American actor, playwright, and screenwriter

Tracy Shane Letts (born July 4, 1965) is an American actor, playwright, and screenwriter.

As a playwright, Letts' works include Killer Joe, Man from Nebraska, August: Osage County, and The Minutes. In 2008, he received the Pulitzer Prize for Drama and the Tony Award for Best Play for August: Osage County.

As a stage actor, Letts has performed in various classic plays with the Steppenwolf Theatre since 1988. He made his acting Broadway debut as George in the revival of Edward Albee's play Who's Afraid of Virginia Woolf?, which earned him a Tony Award for Best Actor in a Play in 2013. He continued acting on the Broadway stage in All My Sons and The Minutes. On television, he is known for his portrayal of Andrew Lockhart in seasons 3 and 4 of Showtime's Homeland from 2013 to 2014. He played Jack McKinney in the HBO sports drama series Winning Time: The Rise of the Lakers Dynasty (2022–2023); for this role, he was nominated for the Primetime Emmy Award for Outstanding Guest Actor in a Drama Series in 2024. On film, he has portrayed Henry Ford II in James Mangold's sports drama Ford v Ferrari (2019) and Mr. Dashwood in Little Women, a 2019 film adaptation of Louisa May Alcott's novel of the same name.

Letts adapted three of his plays into films: Bug (2006) and Killer Joe (2011), both directed by William Friedkin; and August: Osage County (2013), directed by John Wells.

==Early life==
Letts was born in Tulsa, Oklahoma, to author Billie Letts, a college professor, and actor Dennis Letts. He has two brothers, Shawn, a musician, and Dana. He grew up in Durant, Oklahoma, and graduated from Durant High School in the early 1980s. He moved to Dallas, where he waited tables and worked in telemarketing while beginning his acting career. He appeared in Jerry Flemmons's O Dammit!, which was part of a new playwrights' series sponsored by Southern Methodist University.

==Career==

=== Theatre ===
Letts moved to Chicago at the age of 20, working for the next 11 years at Steppenwolf Theatre Company and Famous Door. He is still an active member of Steppenwolf. He was a founding member of Bang Bang Spontaneous Theatre, whose members included Greg Kotis, Michael Shannon, Paul Dillon, and Amy Pietz. In 1991, Letts wrote the play Killer Joe. Two years later, the play premiered at the Next Lab Theater in Evanston, Illinois, followed by the 29th Street Rep in New York City. Since then, Killer Joe has been performed in a number of countries in 12 languages.

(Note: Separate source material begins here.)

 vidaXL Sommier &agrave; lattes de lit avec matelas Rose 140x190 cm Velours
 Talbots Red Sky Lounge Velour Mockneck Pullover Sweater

Letts has written a number of plays. His most famous, August: Osage County, premiered at the Steppenwolf Theatre in Chicago on June 28, 2007. It had its Broadway debut at the Imperial Theatre on December 4, 2007; the production transferred to Broadway's Music Box Theatre on April 29, 2008. The Broadway show closed on June 28, 2009, after 648 performances and 18 previews. In 2008, the show was nominated for seven Tony Awards; it won six Tony Awards, including Best Play. The play won Letts the Pulitzer Prize for Drama in 2008. Letts has also been a finalist for the Pulitzer drama prize for his plays Man from Nebraska and The Minutes; the Pulitzer committee described The Minutes as a "shocking drama set in a seemingly mundane city council meeting that acidly articulates a uniquely American toxicity that feels both historic and contemporary."

Letts's plays have depicted people struggling with moral and spiritual questions. He says he was inspired by the plays of Tennessee Williams and the novels of William Faulkner and Jim Thompson. He has said that he considers sounds to be effective "storytelling tools" for theater.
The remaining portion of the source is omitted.